Pinellas County middle schools will begin the second semester today under a legal cloud that has been gathering for months.
The teachers union is expected to file a lawsuit this morning intended to kill a new seven-period middle school schedule that, according to an arbitrator, violates the teachers' contract.
The district, meanwhile, took its own action late Monday by stating that it is at an impasse with the union over the schedule, a formal declaration that typically leads to mediation.
In short, the sides are proposing two very different ways of settling a long-running dispute. But it was unclear Monday which method would take precedence — battling it out in court or talking it out with a third party.

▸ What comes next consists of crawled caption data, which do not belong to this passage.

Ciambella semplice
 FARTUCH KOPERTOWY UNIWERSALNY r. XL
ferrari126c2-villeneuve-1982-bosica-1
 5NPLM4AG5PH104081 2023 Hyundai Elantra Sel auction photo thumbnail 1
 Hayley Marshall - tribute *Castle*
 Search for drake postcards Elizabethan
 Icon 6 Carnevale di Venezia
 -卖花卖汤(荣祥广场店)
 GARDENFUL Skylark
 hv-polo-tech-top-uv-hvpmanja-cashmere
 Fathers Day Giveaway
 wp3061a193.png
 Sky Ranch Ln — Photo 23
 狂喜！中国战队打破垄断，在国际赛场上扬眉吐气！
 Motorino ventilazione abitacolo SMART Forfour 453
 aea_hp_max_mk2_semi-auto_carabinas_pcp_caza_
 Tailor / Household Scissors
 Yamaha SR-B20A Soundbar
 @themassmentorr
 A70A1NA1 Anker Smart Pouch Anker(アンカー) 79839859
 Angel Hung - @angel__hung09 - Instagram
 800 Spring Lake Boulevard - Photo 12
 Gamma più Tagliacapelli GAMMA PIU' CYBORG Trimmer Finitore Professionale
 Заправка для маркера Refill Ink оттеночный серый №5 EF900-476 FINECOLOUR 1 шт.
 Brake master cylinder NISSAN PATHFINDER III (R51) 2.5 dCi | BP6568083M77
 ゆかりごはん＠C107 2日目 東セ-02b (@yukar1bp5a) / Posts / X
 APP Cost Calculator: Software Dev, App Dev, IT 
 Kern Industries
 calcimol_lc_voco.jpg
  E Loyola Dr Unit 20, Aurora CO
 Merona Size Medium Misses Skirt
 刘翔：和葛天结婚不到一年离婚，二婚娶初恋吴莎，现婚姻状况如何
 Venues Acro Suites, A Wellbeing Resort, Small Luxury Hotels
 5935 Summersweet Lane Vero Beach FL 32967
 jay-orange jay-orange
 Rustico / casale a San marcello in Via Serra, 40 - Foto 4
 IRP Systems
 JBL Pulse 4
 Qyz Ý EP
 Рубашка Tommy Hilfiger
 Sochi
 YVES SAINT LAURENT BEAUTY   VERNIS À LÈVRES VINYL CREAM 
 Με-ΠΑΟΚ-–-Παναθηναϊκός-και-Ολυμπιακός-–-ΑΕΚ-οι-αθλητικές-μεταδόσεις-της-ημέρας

Either way, officials said schools would be untouched today and operate as usual. But the outcome could eventually affect students and teachers.
If a judge ordered the district to return to the old six-period day this semester, the district says Pinellas' 22,000 middle school students would face major disruptions.
Lost electives could keep some from advancing to high school or getting into magnet programs, and the schedules would be turned on their heads just before the Florida Comprehensive Assessment Test — consequences superintendent Julie Janssen called unacceptable.
Yet if the arbitrator's decision is not enforced, the union says, about 1,500 middle school teachers would be victims of a galling contract violation that consigns them to work harder and lose lesson planning time, all for the same pay.
"We're simply asking the judge to confirm the arbitrator's (decision)," said Mark Herdman, the union's lawyer.
Not even the School Board is of one mind on the issue.
"I guess it's just the teacher in me but I'm siding with the teachers in this," said board member Janet Clark, a former middle school teacher. "I have to. We have a contract, and I think the district has violated the contract."
Board chairwoman Peggy O'Shea said both sides have good arguments, but added that mediating the dispute while keeping the new schedule intact was best for students.
"Both sides have a common commitment and that's the kids," she said.
The issue goes back to June, when the School Board approved the schedule change as a budget-cutting measure, but also as a way to reform middle schools and meet state mandates. The district lengthened the school day by 14 minutes and added a seventh period that made room for state-mandated PE and remedial courses.
The change also cleared space for elective courses that are said to get students more engaged in school before they hit high school, when many start to lose interest and drop out.
But in tough budget times the measure saved $2.2-million, allowing the district to comply with the class size amendment without hiring more teachers.
Starting in August, middle school teachers were required to teach six classes instead of the maximum of five called for in their contract.
On Nov. 26, an arbitrator ruled that the new schedule violated the contract and ordered the district to return to the six-period schedule by today. Instead, the district focused on a nonbinding portion of the ruling in which the arbitrator expressed concern about the district's budget crisis and hoped for a compromise.
Janssen "is faced with a Hobson's choice. And if she's going to err, it's on the side of protecting students," School Board attorney Jim Robinson said. "It's not as if we're being cocky and just ignoring the arbitrator's award."